Note: You may have more levels of management than the three listed here. That’s okay, but keep in mind the points above as it’s most useful to be able to separately view the “front line” employees data but also to hide the c-suite data.
Department / Team
The feeling of being on a team is a strong driver of engagement, but the data shows that which team you are on makes a large impact. This is because of how teams are typically broken apart. First, the data proves that when a team leader is engaged the team itself is far more likely to be engaged than when the team leader is disengaged. By viewing the data by team, it can help spot areas where the team leader may be part of the problem. Second, the feeling of being on a team is so highly correlated to engagement because employees tend to be more engaged when they feel connected to their team. Because engaged employees are contagious, when teams are closely connected, it is more likely that the sentiments of the engaged employees will trickle into the rest of the team.
Note: For each company, this may be called something different. It could be a department, team, group, squad, division, or something else. What’s most important with this group is being able to see employees who work together most regularly.

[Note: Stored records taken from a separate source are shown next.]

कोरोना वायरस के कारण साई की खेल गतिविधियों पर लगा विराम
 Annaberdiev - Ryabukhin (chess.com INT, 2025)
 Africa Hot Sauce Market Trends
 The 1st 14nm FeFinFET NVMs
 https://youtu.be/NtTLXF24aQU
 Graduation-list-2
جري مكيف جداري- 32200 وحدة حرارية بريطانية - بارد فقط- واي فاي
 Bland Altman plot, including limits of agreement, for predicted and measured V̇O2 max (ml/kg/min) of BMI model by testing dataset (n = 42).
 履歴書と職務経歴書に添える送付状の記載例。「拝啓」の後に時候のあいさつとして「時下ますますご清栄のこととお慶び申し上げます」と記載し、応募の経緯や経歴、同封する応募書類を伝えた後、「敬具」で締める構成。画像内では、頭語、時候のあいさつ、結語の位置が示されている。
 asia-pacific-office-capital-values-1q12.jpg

Groups that are least related to engagement
Gender, Age, and Ethnicity
Given the focus on Diversity and Inclusion in the workplace today, it may be surprising to learn that gender, age, and ethnicity have little impact on engagement. That doesn’t mean that how each of these groups are treated at work doesn’t have an impact on engagement, but instead that simply being in a particular age bracket or a particular gender does not mean you are more or less likely to be engaged at work.
Note: This is only the case for surveys relating to engagement. When considering breaking apart groups for topics relating to diversity, inclusion, fairness, and safety, many of these groups would likely prove useful to see data for separately.
Sometimes it may be useful to look at the intersection of two groups, such as a particular team, but only those who are individual contributors. In order to get this type of data, consider in advance which groups you’d like to see combined. By looking at Department + Length of service or Location + Department you may be able to get to groups that give you more useful data.